I fully agree that the demand now is on the user side; not for capacity's sake, but to support the every-evolving array of devices, connections, etc., that we are developing. 

It will reach capacity at some point, but who knows what that point is?
Susan Fourtané
Susan Fourtané
11/7/2014 | 8:13:32 AM
A chicken and egg question
All this prediction about the future of networks going on will require serious crystal balls to predict how much bandwidth people will need in the future. The simple answer could be: More than what we have now.

As for the chicen and egg question of who is pushing the higher speeds, suppliers or users, I would say that suppliers were first the pushers and now the pushers are the users who always want more of whatever they get. 

-Susan
Duh!
Duh!
10/10/2014 | 2:50:23 PM
It's the S-curve, stupid.
All growth is logistical.  The reductio ad absurdem of exponential growth in bandwidth demand is an end state where every nano-joule of energy in the universe carries a symbol of information.  At some point, there has to be an asymptote.

The question is not if, but rather when.  I think that time is approaching, and know I'm not alone.  

Media is approaching the limits of human perception.  How subjectively better is 4k than HD?  As much as HD was better than SD?  As much as SD was better than analog?  How much subjectively better than 4k will 8k be? Even if average viewers can percieve an improvement, is it enough for them tol pay for? 

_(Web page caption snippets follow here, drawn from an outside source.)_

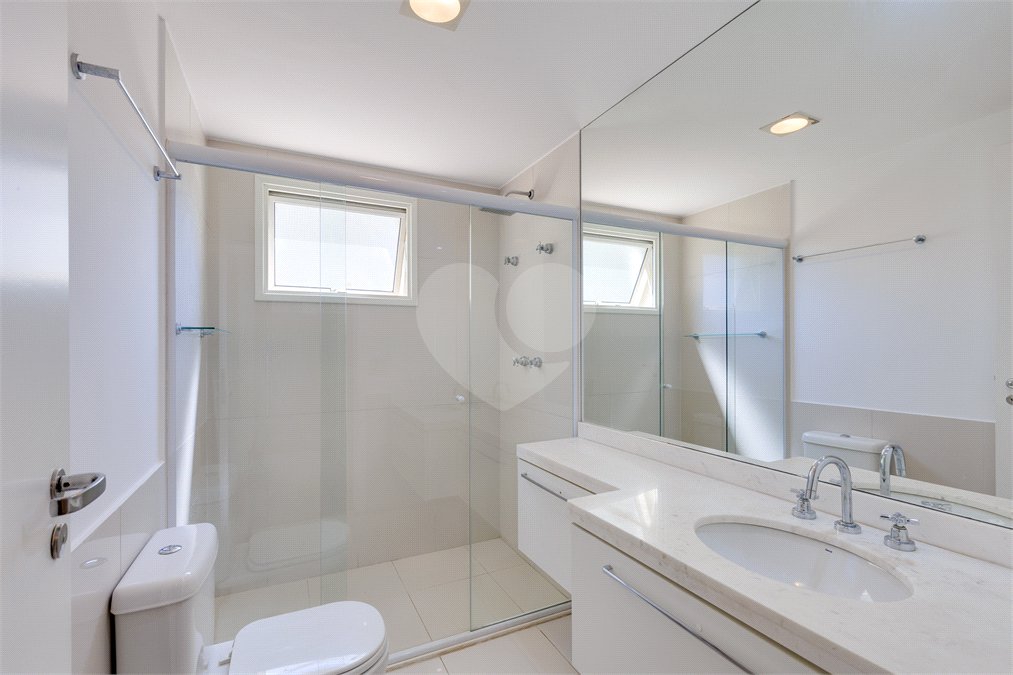 Apartamento para alugar com 4 suítes em Alto da Boa Vista, São Paulo, SP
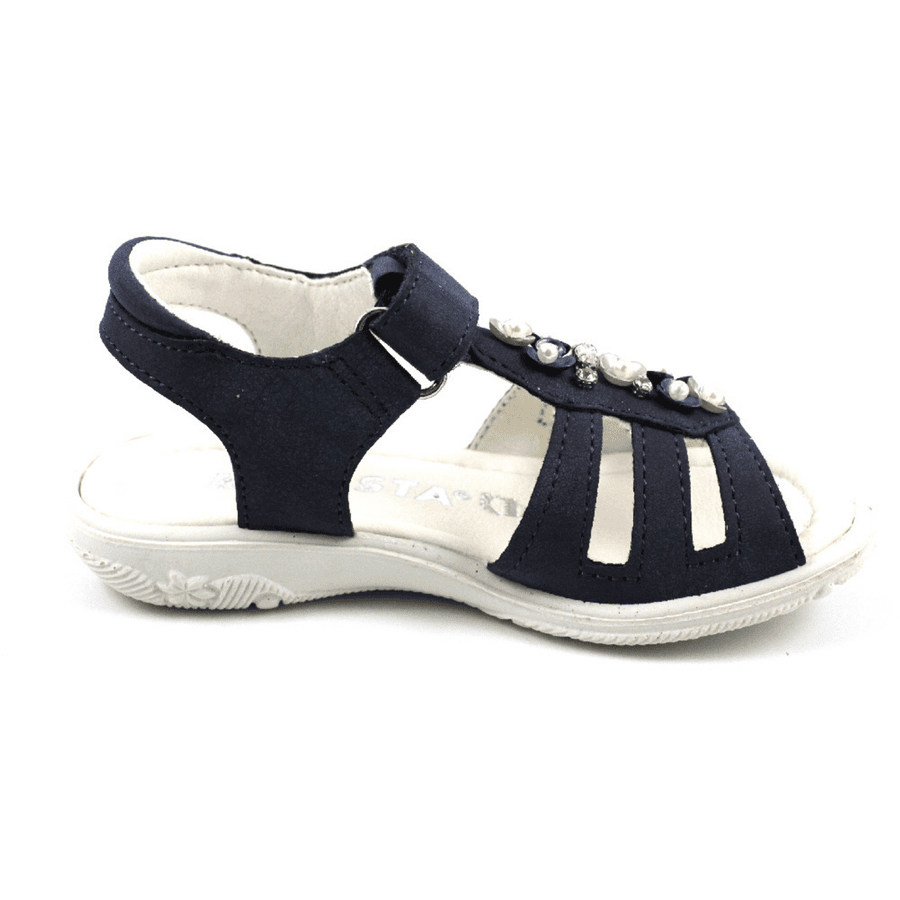 Ricosta Sandalen blau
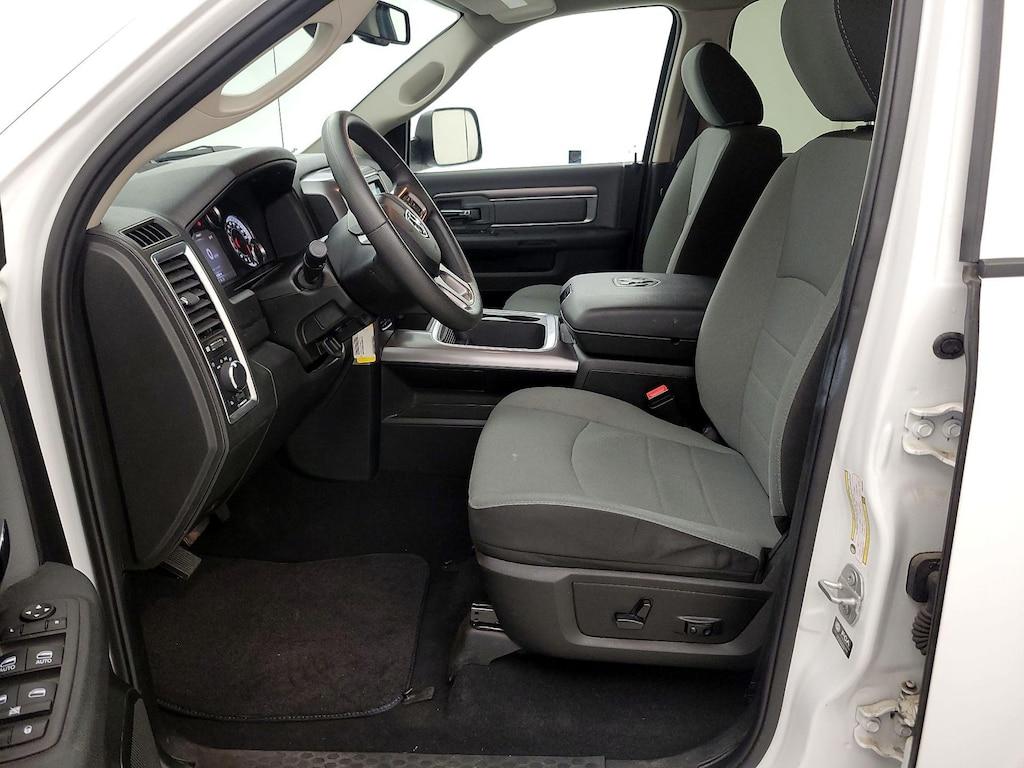used 2023 Ram 1500 Classic car, priced at $28,998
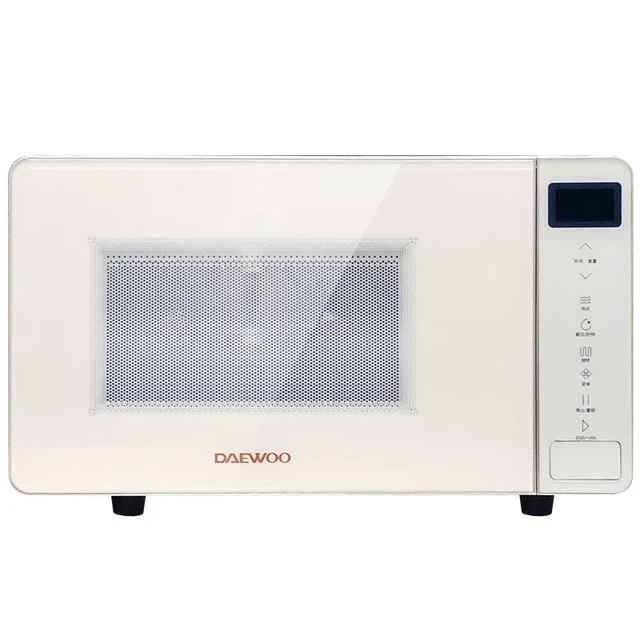 A microwave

Also, there is a tug-of-war between computing and communications.  The video coding folks haven't retired yet.  HD video was initially encoded in MPEG2 at 20 Mbit/s.  Netflix now reportedly transports HD video (HEVC?)  at 5-7 Mbits/s.  And they anticipate 4K will take between 10 and 15 Mbits/s.  I'm not close enough to the video folks to know whether they are pushing fundamental limits.  But until that point, we have to assume that evoloution of lower rate algorithms for higher resolution will reduce bandwidth demand.

Perhaps there will be another mass-market application which will consume more bandwidth than video.  We don't have a line-of-sight to one.  And how much are we willing to bet that it will emerge?